C’est dans ces défis en solitaire que ce livre apporte le plus de ressources psychologiques. Plus loin, au fil du Rhône «plat», le naturaliste restitue également un bivouac sous l’orage, qui lui a valu de dormir ou plutôt de veiller toute une nuit, trempé jusqu’aux os. Face à ces morceaux de bravoure, on se dit que, même si nos héros sont plutôt quotidiens, les aventuriers qui ont le courage de se mesurer ainsi à la nature hostile doivent en ressortir plus sages.

Et si l’Arve se jetait dans le Léman…

Et aussi plus malins, si l’on en croit le chapitre consacré à Genève. Dans ce volet, le naturaliste n’hésite pas à détourner le cours de l’Arve, rivière limoneuse venue des Alpes, pour lui faire traverser les hauts de la Cité de Calvin, puis les parcs et la précipiter dans le Léman! «Deux petits kilomètres de tracé, ce n’est rien… Le cours actuel de l’Arve? Gardons-le, asséché et semé, en guise de terrain de jeu pour les habitants des environs. Les crues seront exceptionnellement autorisées à y passer.»

Le bénéfice de ce détournement? «Redonner au Rhône une transparence merveilleuse et, surtout, débarrasser le fleuve des milliers de mètres cubes de sédiments qui encombrent les barrages, nécessitant de perturbantes et coûteuses «chasses», ces espaces vidanges qui accompagnent les barrages.»

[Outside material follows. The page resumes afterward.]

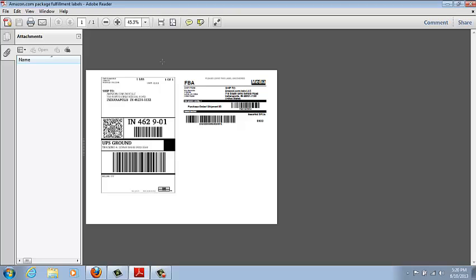You also never need ink and I've used this probably on 50,000 individual labels, probably more than that, and I've also probably printed out 4 or 5,000 box labels so this thing will last for a long time.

Cette idée paraît un peu perchée, elle n’est pourtant pas révolutionnaire. «Elle a été proposée par l’ingénieur français Louis-Léger Vallée, puis reprise par Karl Bürkli, au XIXe siècle. Depuis, d’ingénieux ingénieurs cogitent encore sur ce projet, mais avec en tête un tunnel de dérivation des crues, et non un nouveau cours permanent. Les ingénieurs manquent parfois d’ambition et d’amour des eaux claires», s’amuse le géographe.

Le fleuve en long

On le voit, cet ouvrage est stimulant pour l’esprit et inspirant pour la marche sur les berges, avec ses suggestions d’itinéraires et sa liste d’oiseaux fluviaux. Il est aussi avisé pour les explorations à fleur d’eau. A ce propos, Jean-Louis Michelot observe que nous vivons peu le fleuve dans cette dimension. «Nous empruntons sa vallée, mais généralement dans nos voitures et nos trains alors que, jadis, chaque année, 200 000 personnes naviguaient entre Lyon et Avignon. Aujourd’hui, les quelques mariniers qui utilisent cette autoroute presque vide apparaissent comme une société secrète.» Les derniers adeptes du Rhône en long? «Les retraités anglo-saxons, grâce aux bateaux de croisière qu’ils affectionnent», répond le spécialiste.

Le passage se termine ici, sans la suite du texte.